— Problem description —
Only the lines from the top of the following listing through the line with "In aller Freundschaft" belong in your answer, exactly as written.

— Material for the task —
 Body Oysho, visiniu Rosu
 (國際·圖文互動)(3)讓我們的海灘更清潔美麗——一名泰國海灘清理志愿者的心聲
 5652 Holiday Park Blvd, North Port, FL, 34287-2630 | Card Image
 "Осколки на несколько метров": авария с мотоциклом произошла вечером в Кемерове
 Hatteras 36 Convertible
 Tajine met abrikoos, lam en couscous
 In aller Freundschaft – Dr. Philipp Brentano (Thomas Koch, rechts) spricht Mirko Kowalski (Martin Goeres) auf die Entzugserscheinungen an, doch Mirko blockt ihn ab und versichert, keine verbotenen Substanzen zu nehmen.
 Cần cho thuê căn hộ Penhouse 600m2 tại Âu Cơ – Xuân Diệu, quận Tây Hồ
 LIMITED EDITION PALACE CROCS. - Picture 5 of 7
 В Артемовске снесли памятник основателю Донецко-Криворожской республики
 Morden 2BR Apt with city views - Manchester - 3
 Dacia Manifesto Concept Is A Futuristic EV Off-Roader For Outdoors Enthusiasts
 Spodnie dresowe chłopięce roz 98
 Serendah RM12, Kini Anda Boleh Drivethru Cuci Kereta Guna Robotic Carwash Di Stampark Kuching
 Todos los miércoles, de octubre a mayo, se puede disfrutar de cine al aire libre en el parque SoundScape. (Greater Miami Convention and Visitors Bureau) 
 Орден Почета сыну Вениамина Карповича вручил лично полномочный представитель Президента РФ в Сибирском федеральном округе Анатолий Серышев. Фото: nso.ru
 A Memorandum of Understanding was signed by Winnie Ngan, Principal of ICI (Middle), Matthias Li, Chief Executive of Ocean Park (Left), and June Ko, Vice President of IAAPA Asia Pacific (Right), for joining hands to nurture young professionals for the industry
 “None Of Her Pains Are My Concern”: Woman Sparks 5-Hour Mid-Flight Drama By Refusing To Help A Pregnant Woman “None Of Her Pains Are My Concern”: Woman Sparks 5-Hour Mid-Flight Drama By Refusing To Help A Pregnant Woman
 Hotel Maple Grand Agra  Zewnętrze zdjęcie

— Response for this exercise —
 Body Oysho, visiniu Rosu
 (國際·圖文互動)(3)讓我們的海灘更清潔美麗——一名泰國海灘清理志愿者的心聲
 5652 Holiday Park Blvd, North Port, FL, 34287-2630 | Card Image
 "Осколки на несколько метров": авария с мотоциклом произошла вечером в Кемерове
 Hatteras 36 Convertible
 Tajine met abrikoos, lam en couscous
 In aller Freundschaft – Dr. Philipp Brentano (Thomas Koch, rechts) spricht Mirko Kowalski (Martin Goeres) auf die Entzugserscheinungen an, doch Mirko blockt ihn ab und versichert, keine verbotenen Substanzen zu nehmen.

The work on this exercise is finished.